What do a plastic bag and Jeffery Epstein have in common?
They're both dangerous to children.
What do you call a can opener that doesn't work?
A can't opener.
The daughter walks up to her father and asks him, "Dad, can I ask you something?"
The father says, "Of course, what's your question?"
The daughter replies and asks, "How do you feel about abortion?"
The father says, "Why don't you ask your sister?"
The daughter replies, "I don't have a sis-"
There were 3 blonde scientists...wait that’s not the joke. The first one said “we are going to pilot the first unmanned spacecraft to land on the sun.”
The second one said “but we can’t do that - if we get within 5 feet of the sun we’ll freeze to death!”
The third blonde says “so we go at night.”
My friend and I were at the mall and decided to try on some necklaces. He said, "I think you should get the one over there." I do. I look at my friend and he’s wearing one with a little extra length so you can adjust it. I asked him, "Did you just break away from your owner to upgrade to clothes and shoes?"
How do you punish Helen Keller?
Leave the plunger in the toilet.
What do you call 8 x 3.14?
Octopi.
I went to visit my friend who is a stand up comedian and I asked him, "Why do you have so much art supplies, clothing fabrics, and building supplies in your basement?"
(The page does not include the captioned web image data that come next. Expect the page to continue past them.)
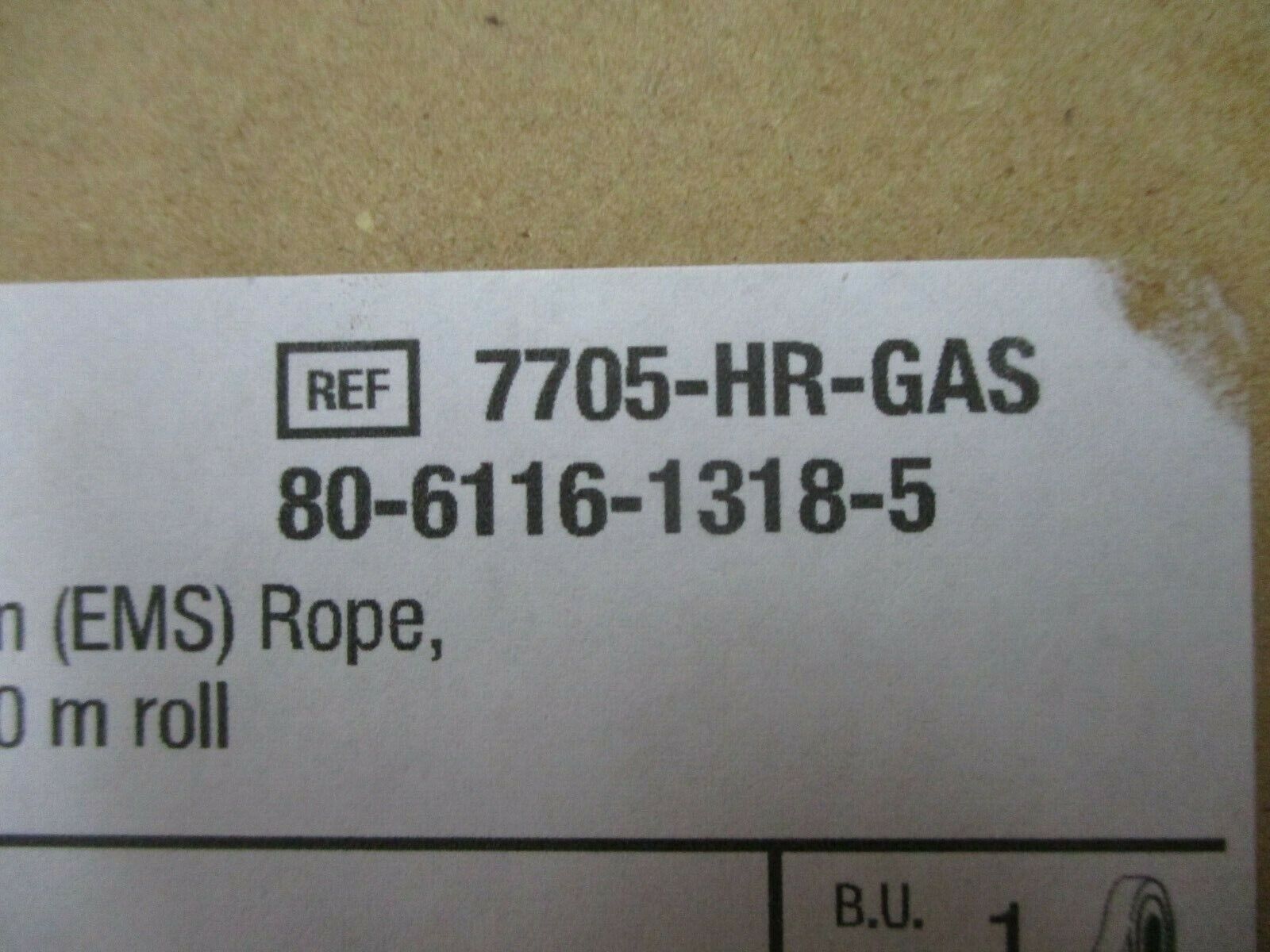 3M Electronic Marking System (EMS) Rope 7705-HR-GAS 300m Roll New Surplus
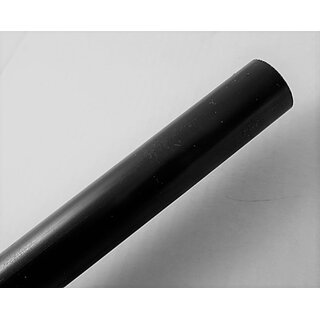 3 Stck a100 cm PVC-Rundstbe  8 mm Schwarz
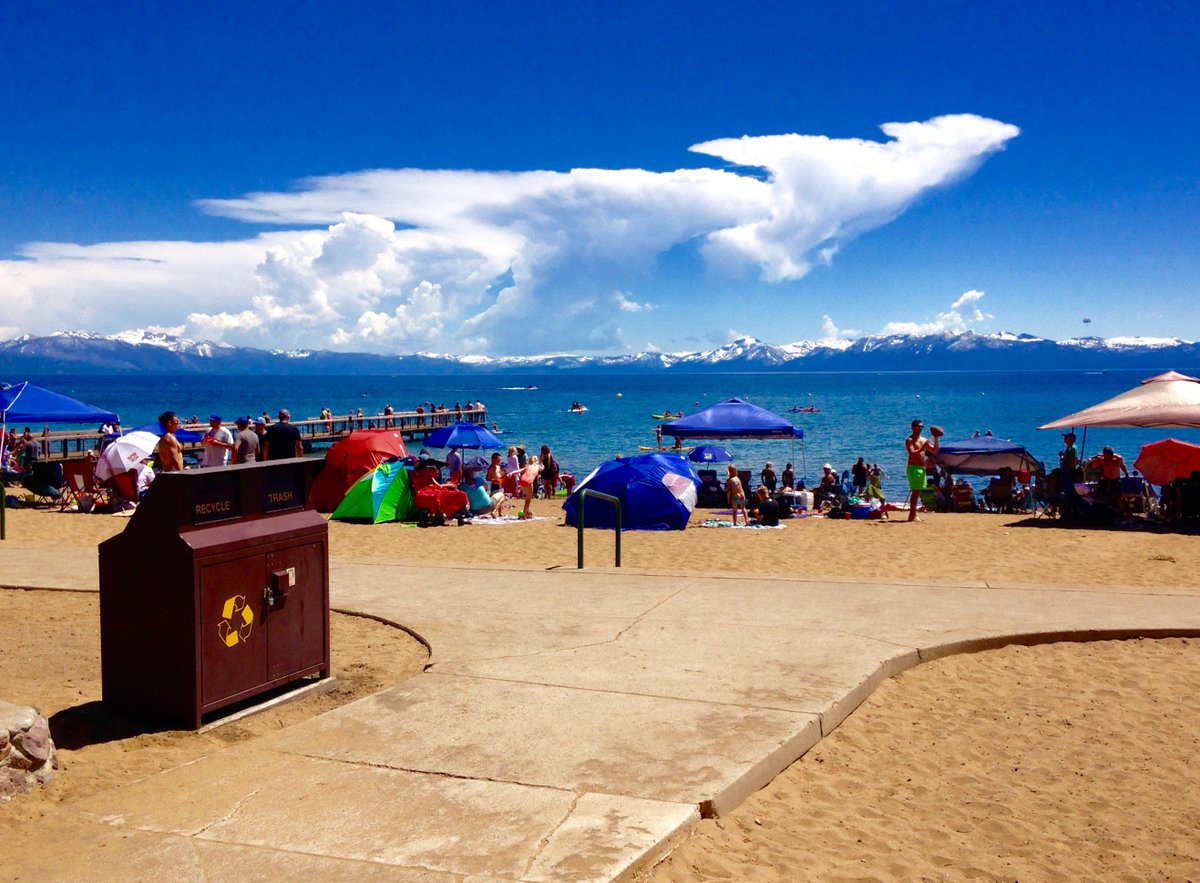 BoxTahoe's tweet photo. #FathersDay Weekend was a blast in Tahoe at the beach with some Serious #Summer Time Heat #KeepBearsWild #BearAware #LakeTahoe #TahoeBearBox https://t.co/52WCl26Bkg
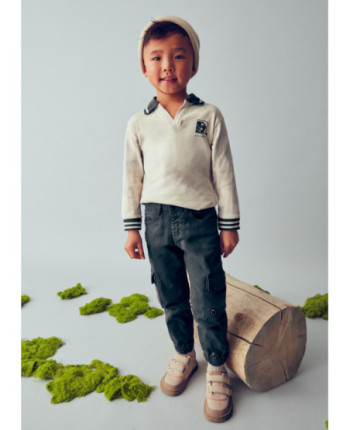 Pantalone cargo bambino
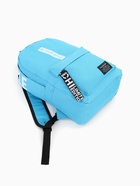 Рюкзак молодёжный на молнии, с карманами, размер 27×10×37.5 см, голубой - Фото 7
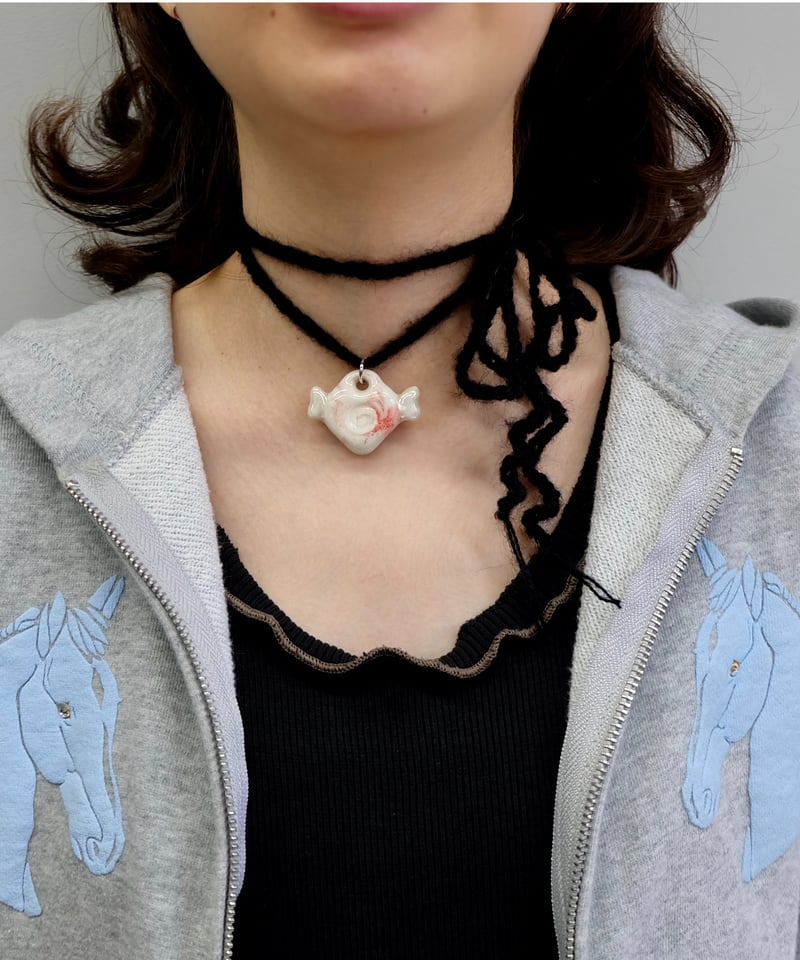 sugascoop ネックレス Labyrins x Sugascoop Ceramic necklace 18 | Shury
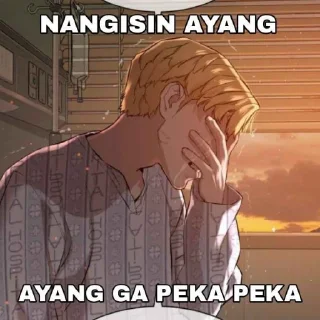 👤 emoji KITA GEPENG @SOFTIESEX Telegram sticker 24 of 40
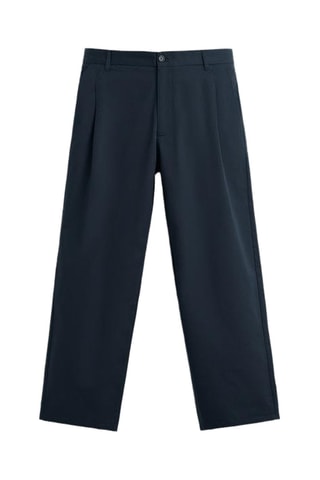 Pantalon - Bleu nuit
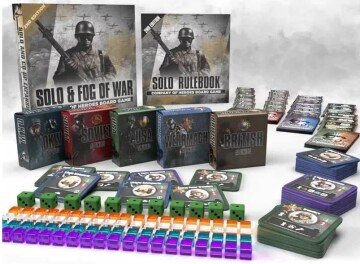 Company of Heroes: 2nd Edition: Solo & Fog of War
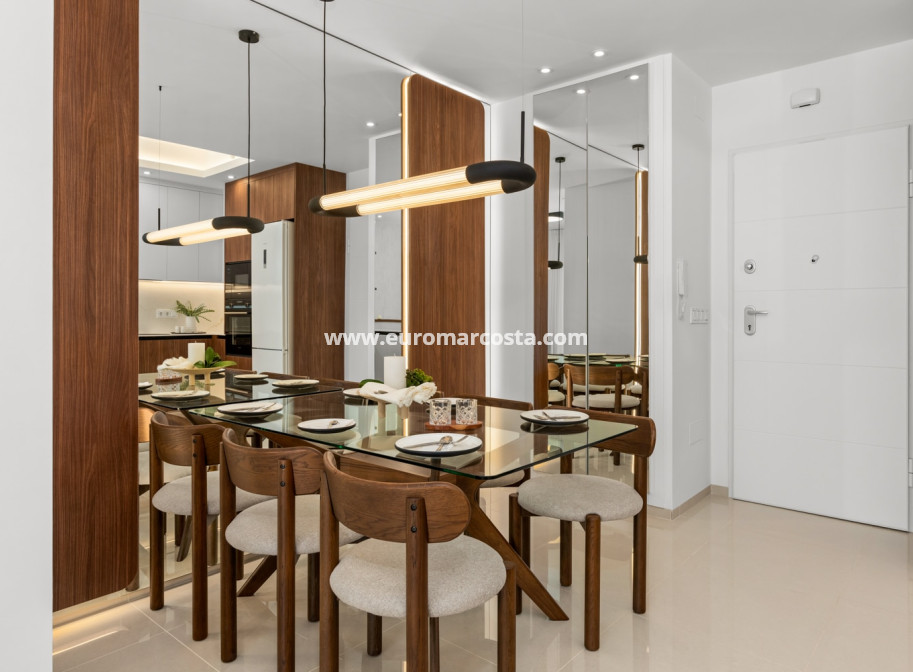 New Build - Apartment / flat - Rojales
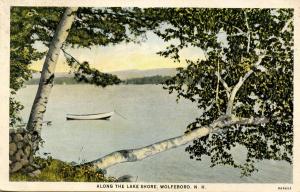 NH - Wolfeboro. Lake Winnipesaukee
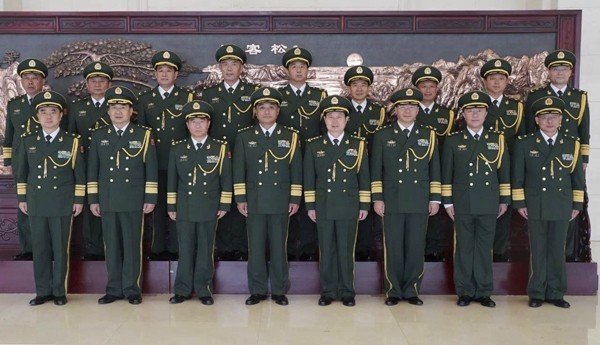 武警周末加班晉升十將軍 有江澤民仇家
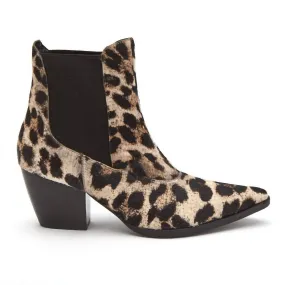 Luggage Ready Stable Structure Women's Golden Gate Ankle Boot In Snow Leopard
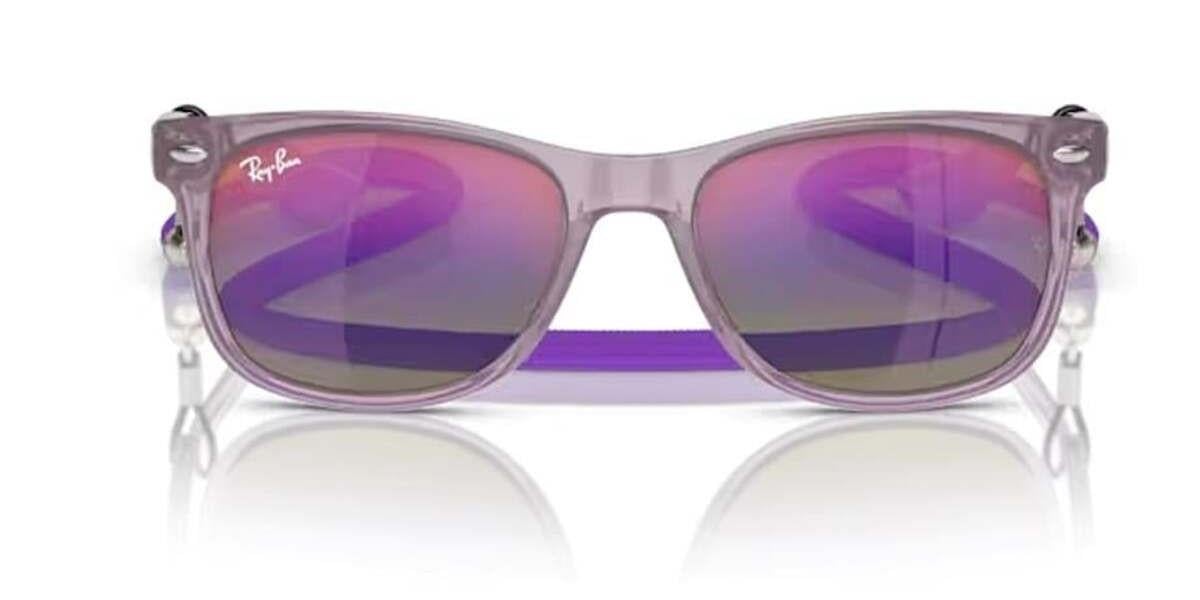 Ray-ban Rj 9052s 7147b1 Çocuk Mor Aynalı Güneş Gözlüğü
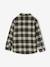 Chemise flanelle carreaux GA doublée Sherpa carreaux vert 5 - vertbaudet enfant 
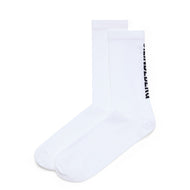 J.Lindeberg Drive Golf Socks - White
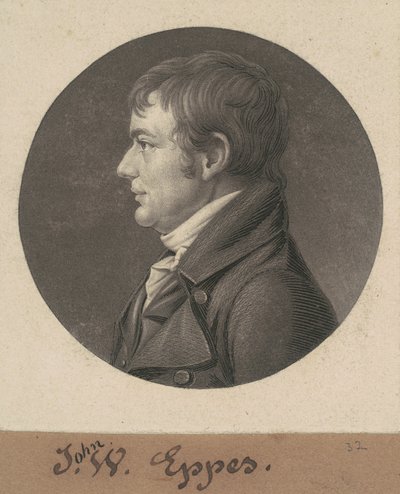 ジョン・ウェイルズ 作： Charles B. J. Févret de Saint Mémin
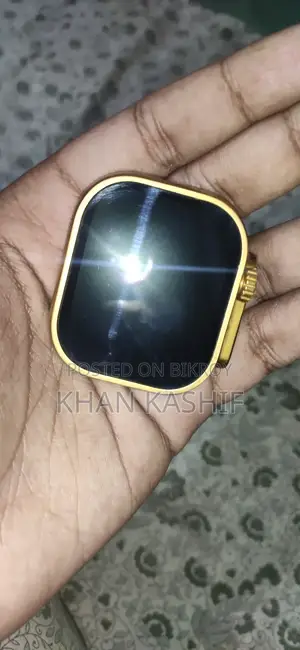 Golden Smart Watch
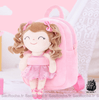 Sac À Dos Danseuse Ballet Peluche Enfant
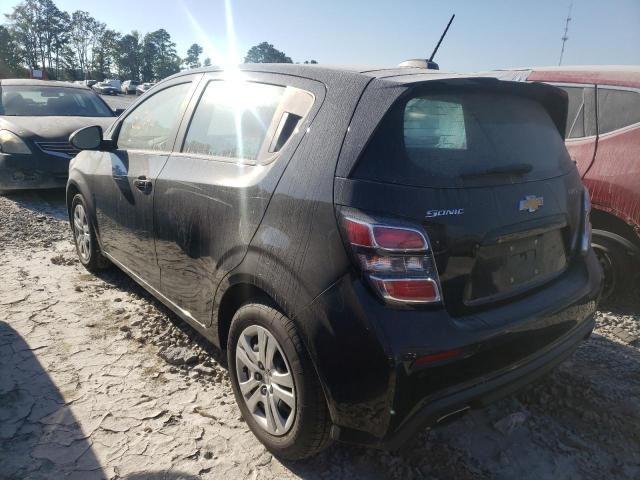 Photo 3 from auction – 2020 CHEVROLET SONIC with VIN 1G1JG6SB1L4134684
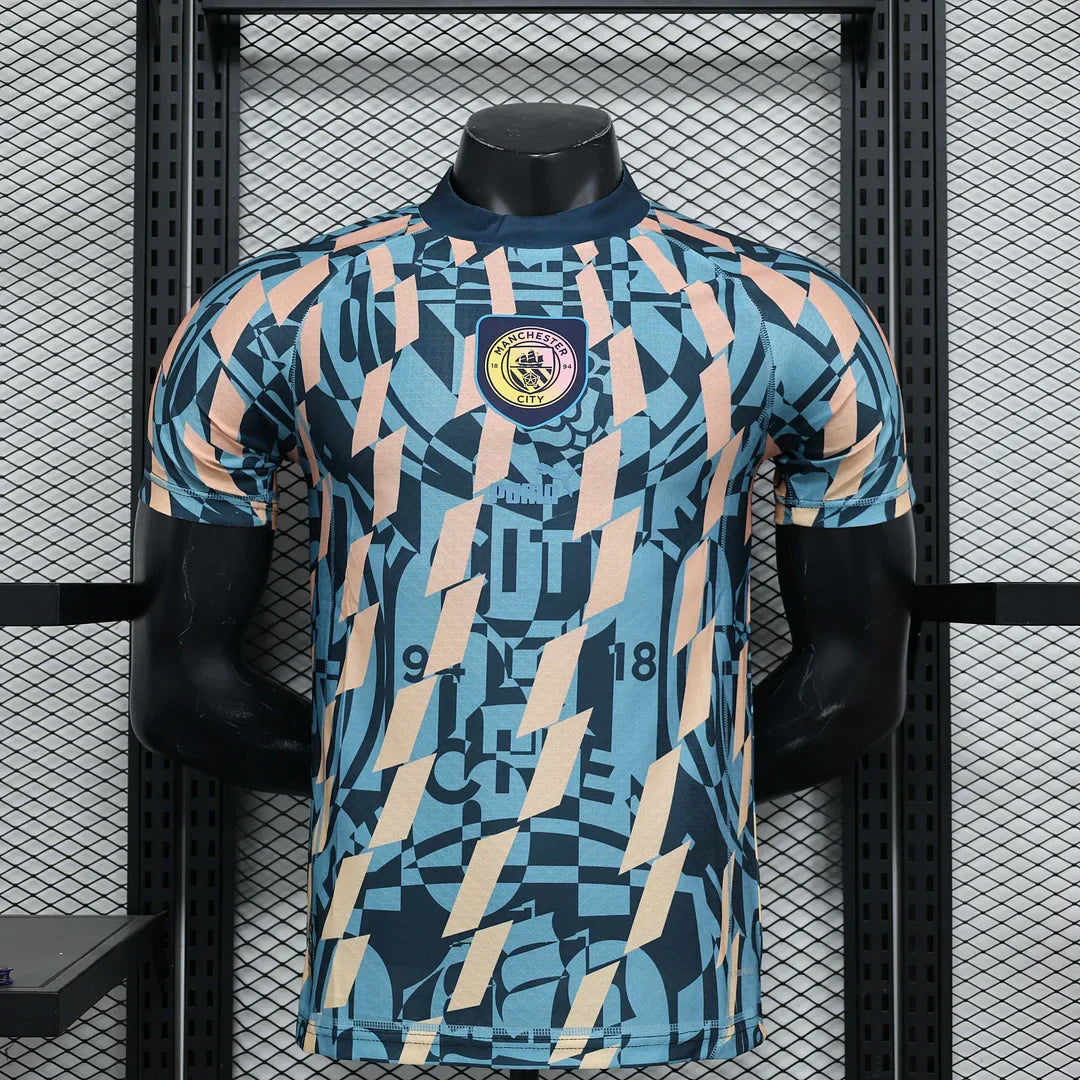 Manchester City Limited Jersey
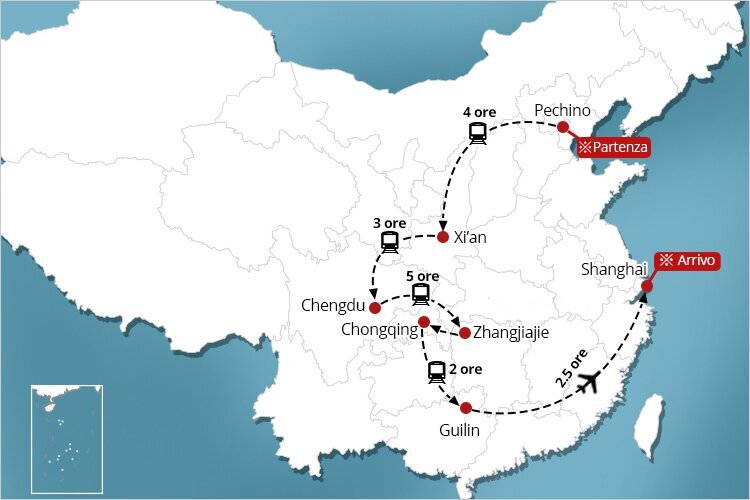tour map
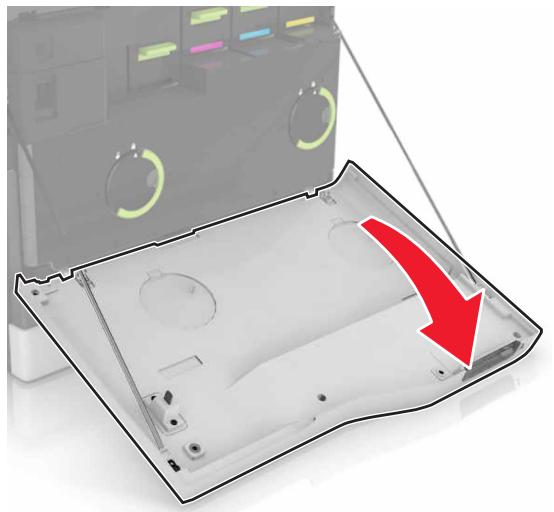 LEXMARK CS820DTE - Remplacement de la courroie de transfert - 1
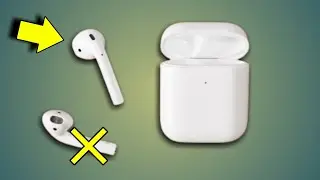 Airpods Problem With One Ear | Airpods One Side Not Working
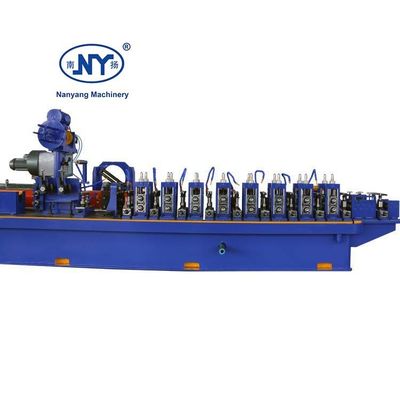 132KW High Speed High Precision ERW Carbon Steel Welding Tube Pipe Mill Making Machine with Wall Thickness of 0.5-1.8mm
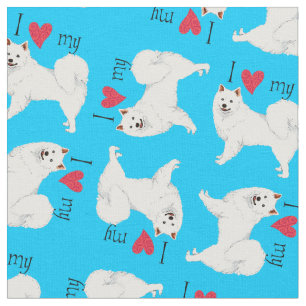 I love my Eskie Fabric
He responded with, "I don't know what it is people think I need it all for, but almost every time I perform, people tell me I need new material!"
My teacher asked the class to stand up if you're dumb. No one did, so she said, "Come on, someone must be dumb," and pointed over to the left side of the classroom. Lil Jonny stands up. "Do you think you're dumb, Lil Jonny?" asked the teacher. "No, I just feel bad for you. You're the only one who stood up," replied Lil Jonny!